Y finalmente llegamos a Rafael Castillo Zapata y a su brillante texto sobre la guerrilla considerada como una de las Bellas Artes y se refiere a la poesía y a la lucha armada en Venezuela entre los años de 1960 a 1975.
Castillo Zapata nos recuerda el peso que significó para nosotros la Revolución cubana y el poder que en su momento tuvo la izquierda y se apoya en la obra poética del venezolano José Lira Sosa que se mantuvo incierta entre el compromiso de tolerar la violencia del pensamiento único de la Revolución o afirmarse en la raíz surrealista de su propia poesía. Y Castillo Zapata desarrolla su acertado ensayo enfrentando el compromiso que contrae la escritura con el que nos impone la lucha armada. Fue o sigue siendo el dilema del artista revolucionario en aquellos duros tiempos: el enfrentamiento, la confrontación entre la pluma y el fusil. ¡Una manera que asumía la violencia para manifestarse! Aquellos tiempos eran particularmente ásperos. Muchos jóvenes, asiduos espectadores de la Cinemateca Nacional, expresaban públicamente sus aspiraciones: ¡hacer primero la Revolución y después el cine!

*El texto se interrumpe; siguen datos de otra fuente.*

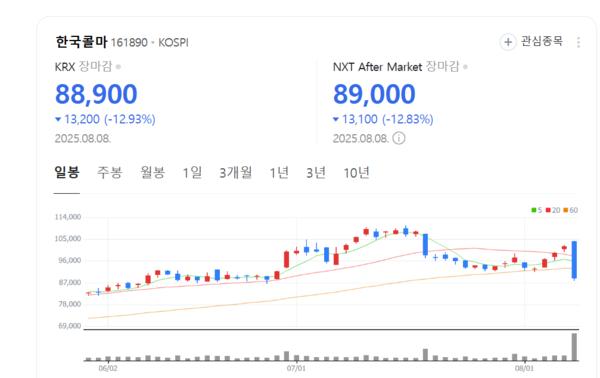 뉴스 썸네일
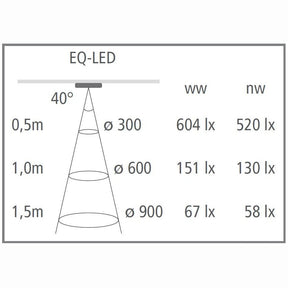 Hera - Anbauleuchte EQ LED - Set 3 Stück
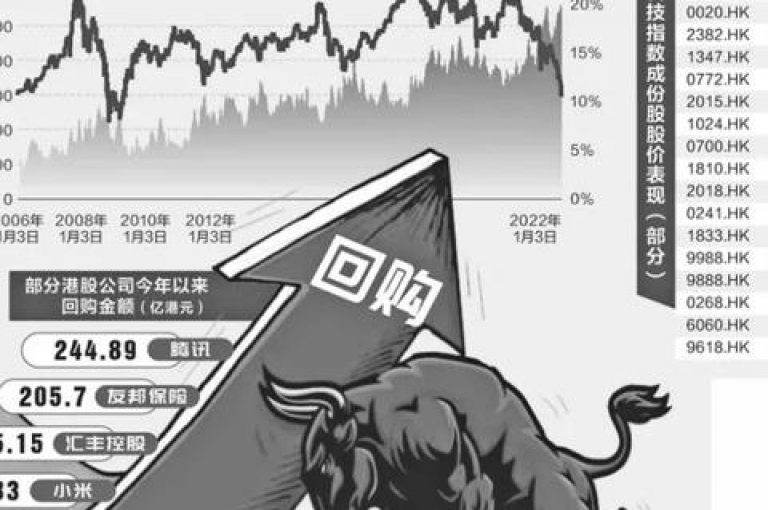快手视频点赞服务最优惠价格 - 哔哩哔哩自助服务平台。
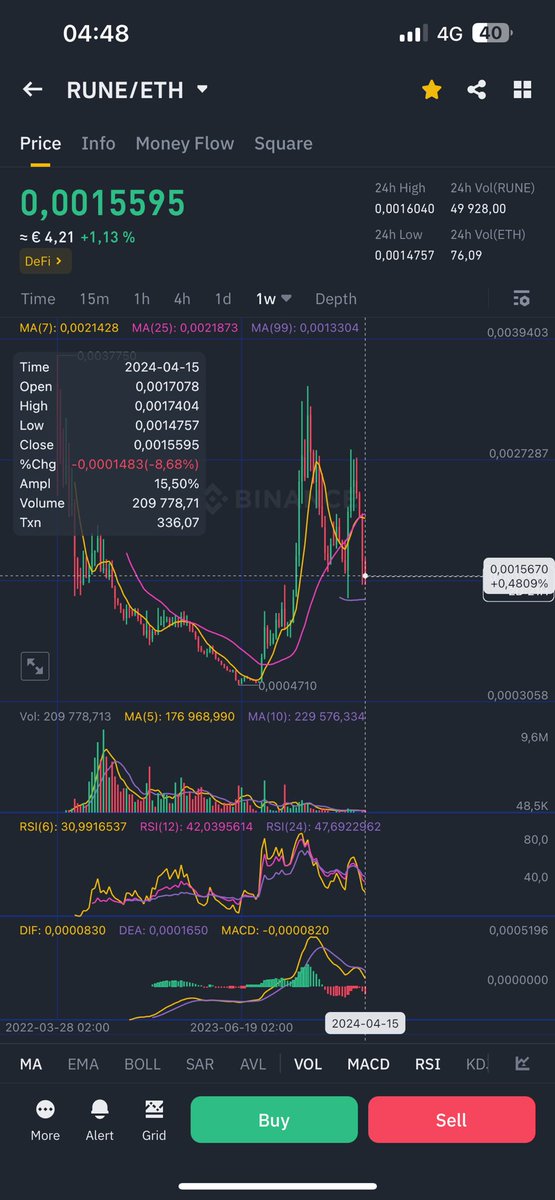 UltraTopK's tweet photo. @swiftott @THORChain Guess paper hands gonna paper hand🫡 https://t.co/U5j7dyJ5i6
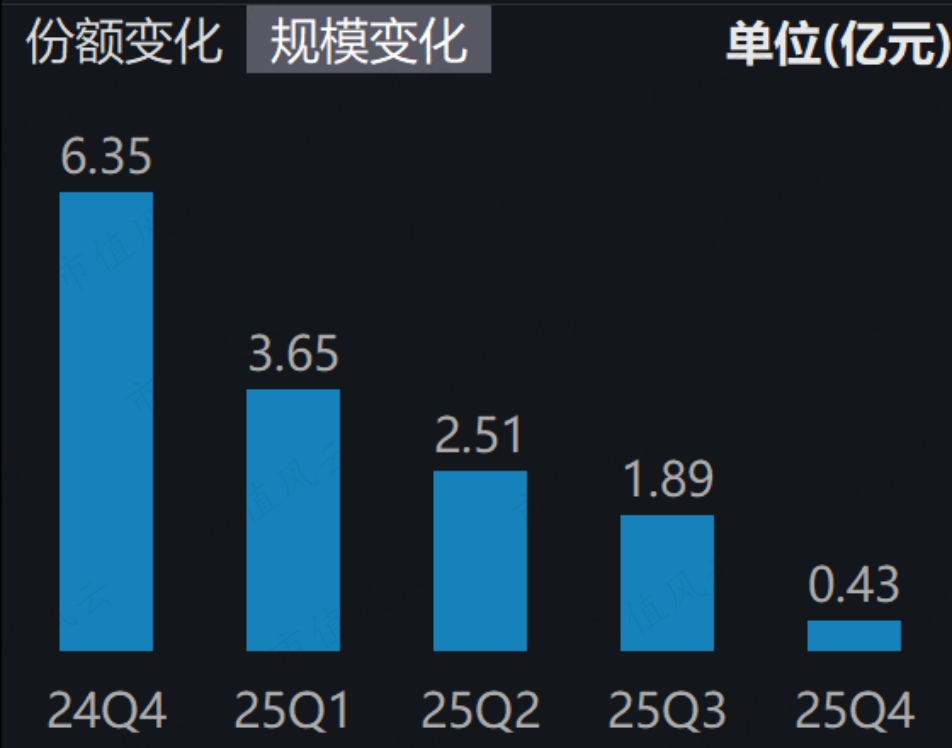 华宸未来陷绝境，中小公募路在何方？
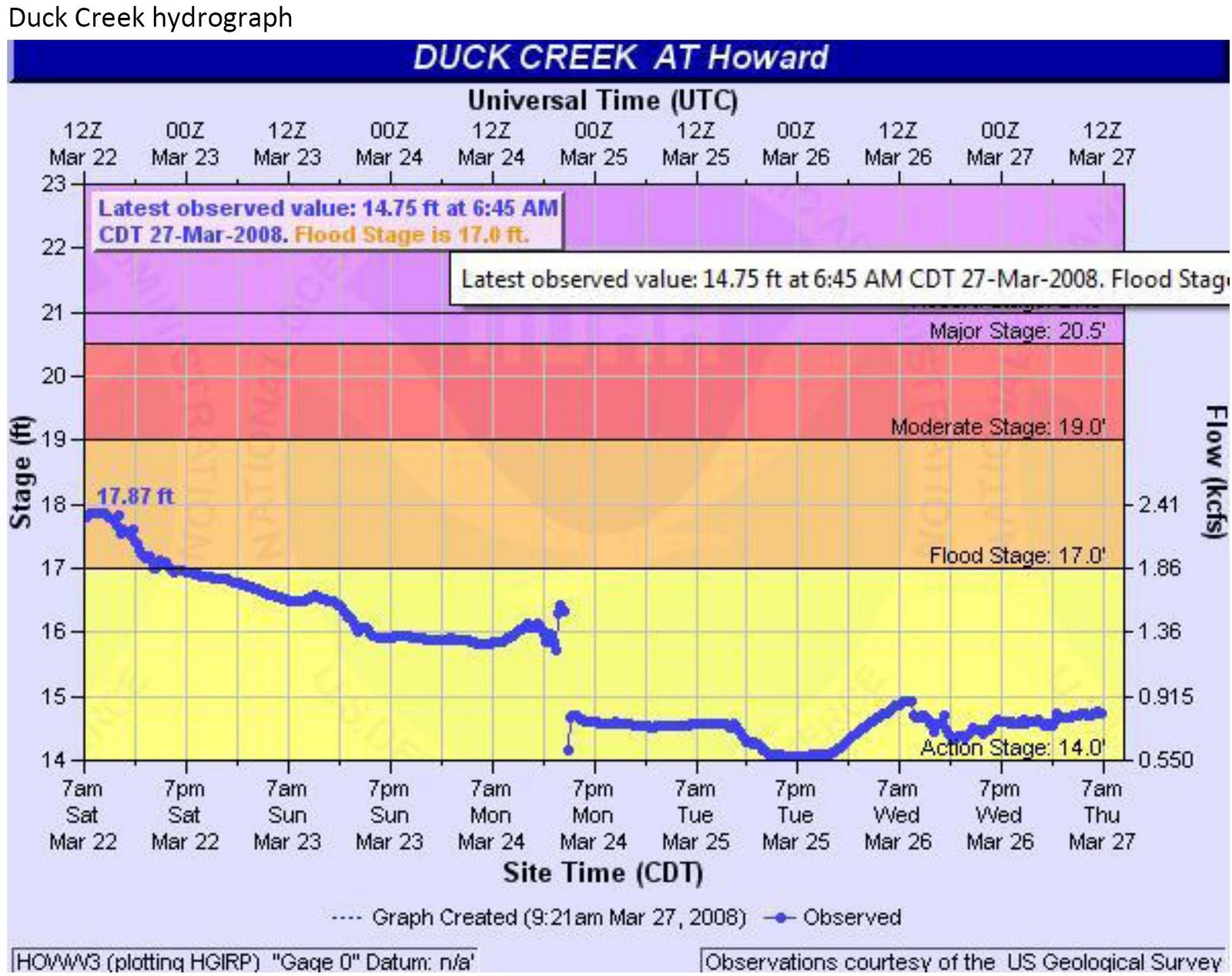 [Duck+Creek+hydrograph.jpg]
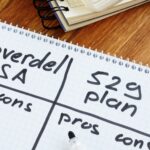 Planning for Education: ESA vs. 529—What to Know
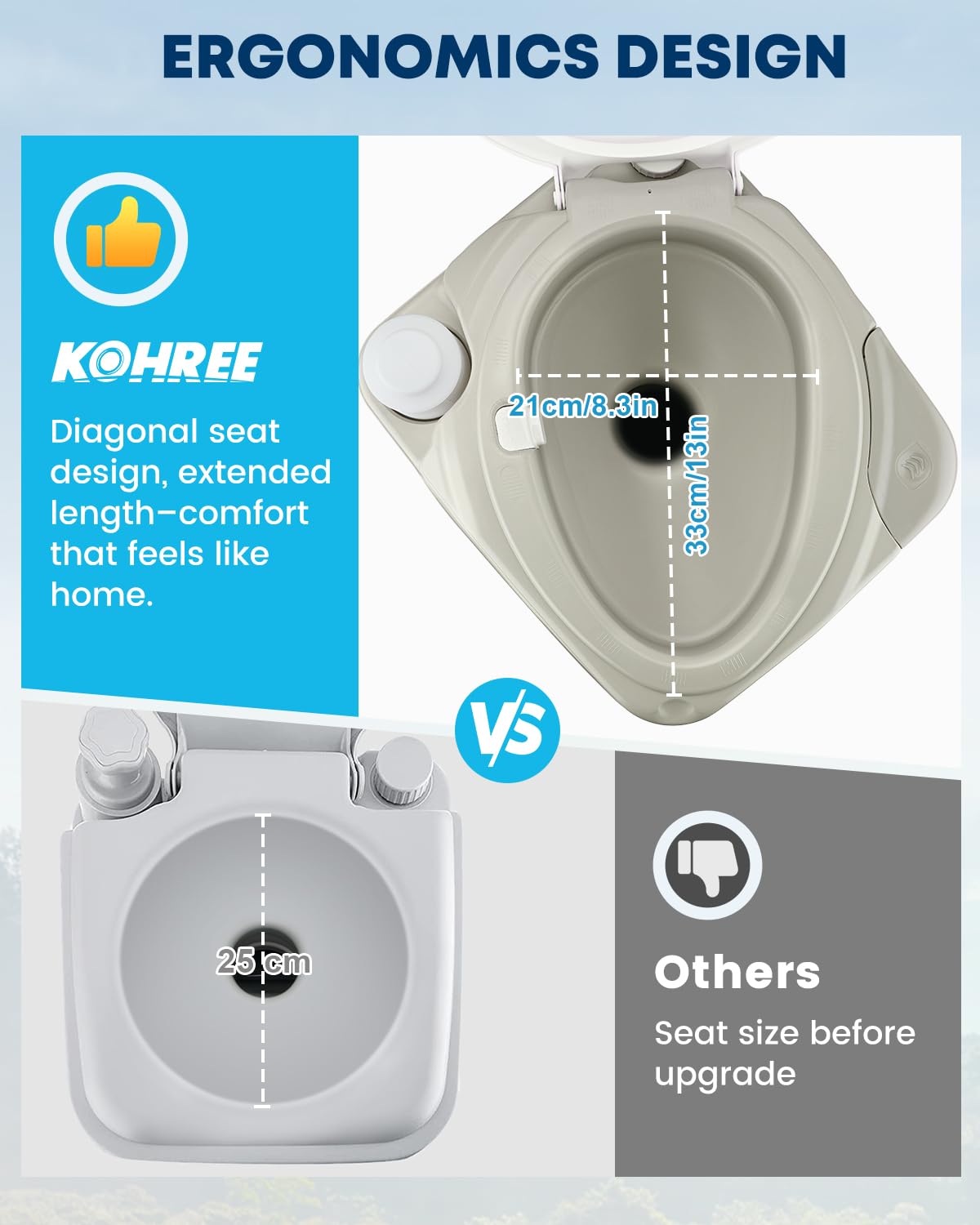 Kohree portable toilet with diagonal elongated seat for comfort.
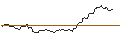 Intraday Chart für OPEN END TURBO OPTIONSSCHEIN LONG - EXPONENT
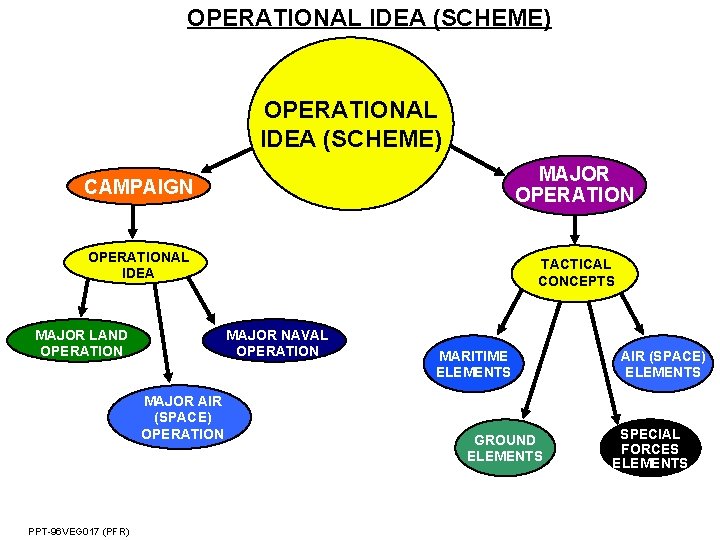OPERATIONAL IDEA (SCHEME) MAJOR OPERATION CAMPAIGN OPERATIONAL IDEA MAJOR LAND OPERATION MAJOR NAVAL OPERATION OPERATIONAL IDEA (SCHEME) MAJOR OPERATION CAMPAIGN OPERATIONAL IDEA MAJOR LAND OPERATION MAJOR NAVAL OPERATION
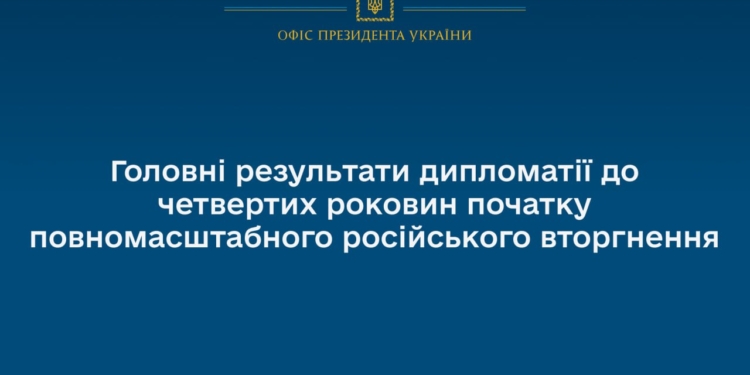Оборонні й енергетичні пакети для України та санкції проти Росії – головні результати дипломатії до четвертих роковин початку повномасштабної війни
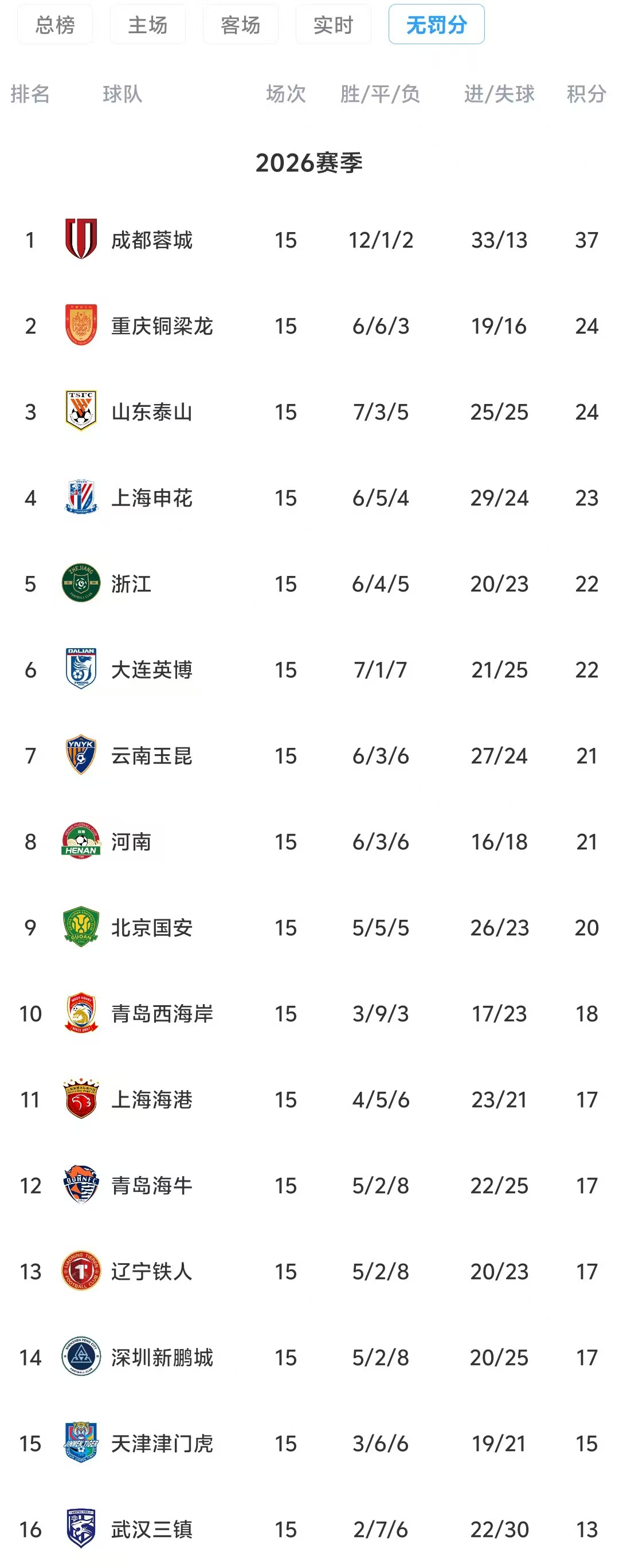 开云入口-中超半程无罚分积分榜:蓉城13分领跑 铜梁龙泰山2、3 三镇垫底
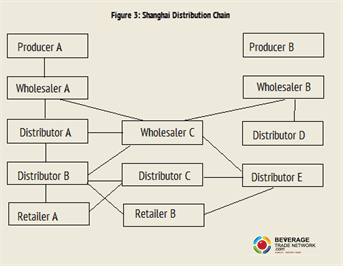 shanghai distribution of wine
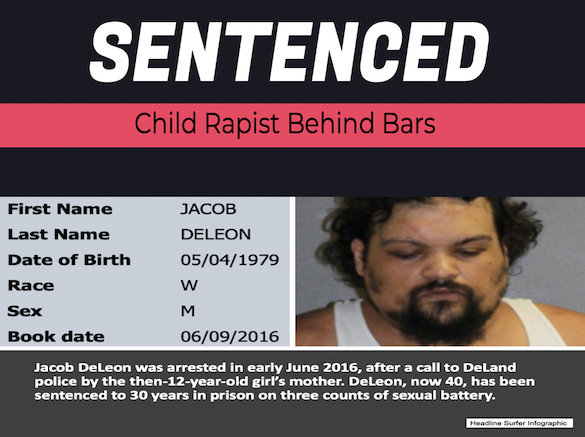 Jacob DeLeon gets 30 years in proson for child rape / Headline Surfer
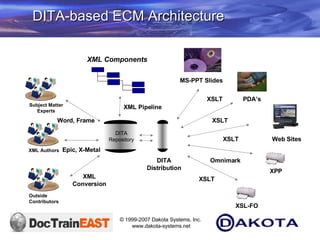 Building An XML Publishing System With DITA | PPT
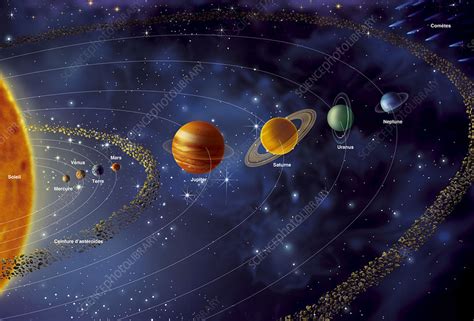 Solar system planets and orbits, diagram - Stock Image - C010/7790 ...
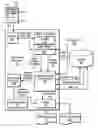 Fig. 01 - Action stickers for nested collections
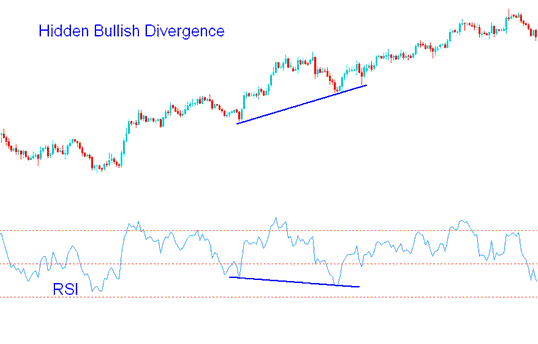 RSI Stock Index Hidden Bullish Divergence and RSI Hidden Bearish Divergence Trading Setups - Bullish Divergence RSI Indices Trading and Bearish Divergence RSI Index Trading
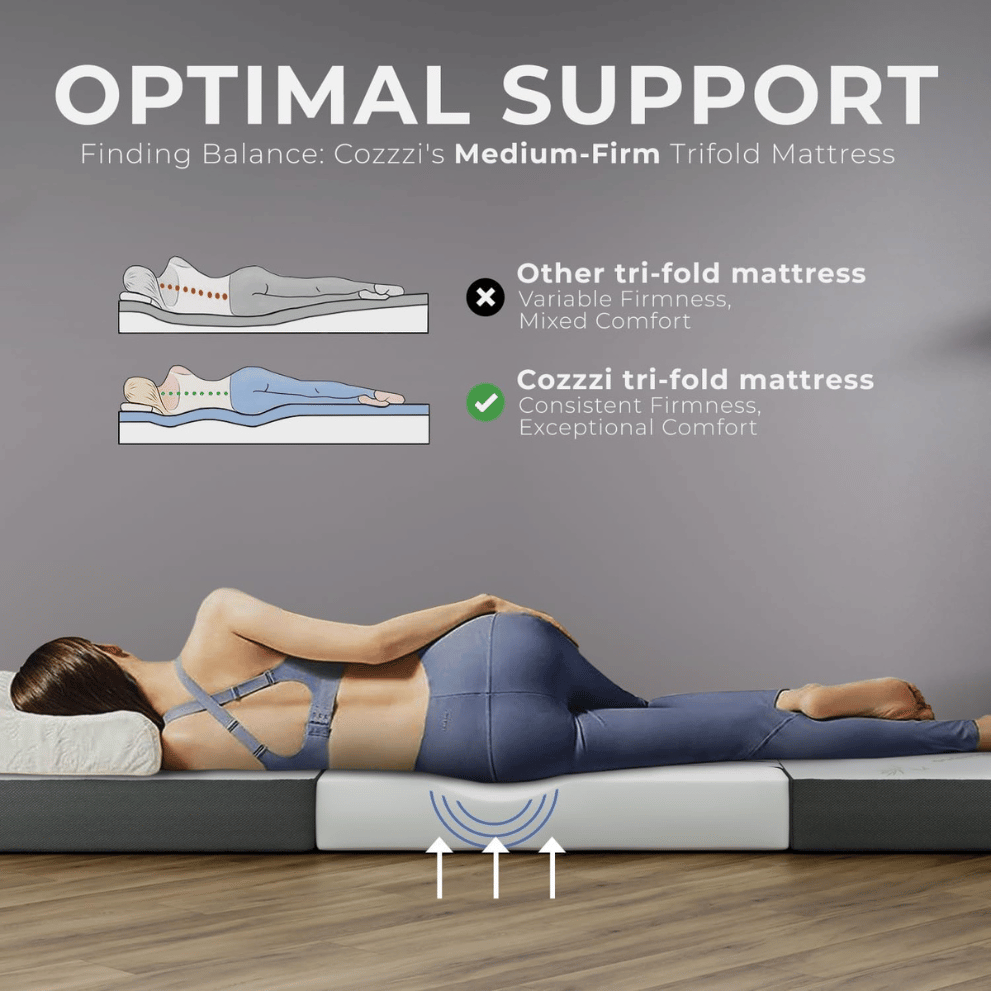 Milliard Trifold foldable mattress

Y Rafael Castillo se sumerge en la propia voz y en la cuenta y riesgo del poeta Lira Sosa que, en Francia, el país del surrealismo, hablaba de una manera y hablaba de otra en el país venezolano violento y guerrillero que enfrentó a la pluma con el fusil, evitando traicionarse a sí mismo como el poeta que seguía siendo.
¡Y ése, queridos amigos, es el libro que estoy presentando!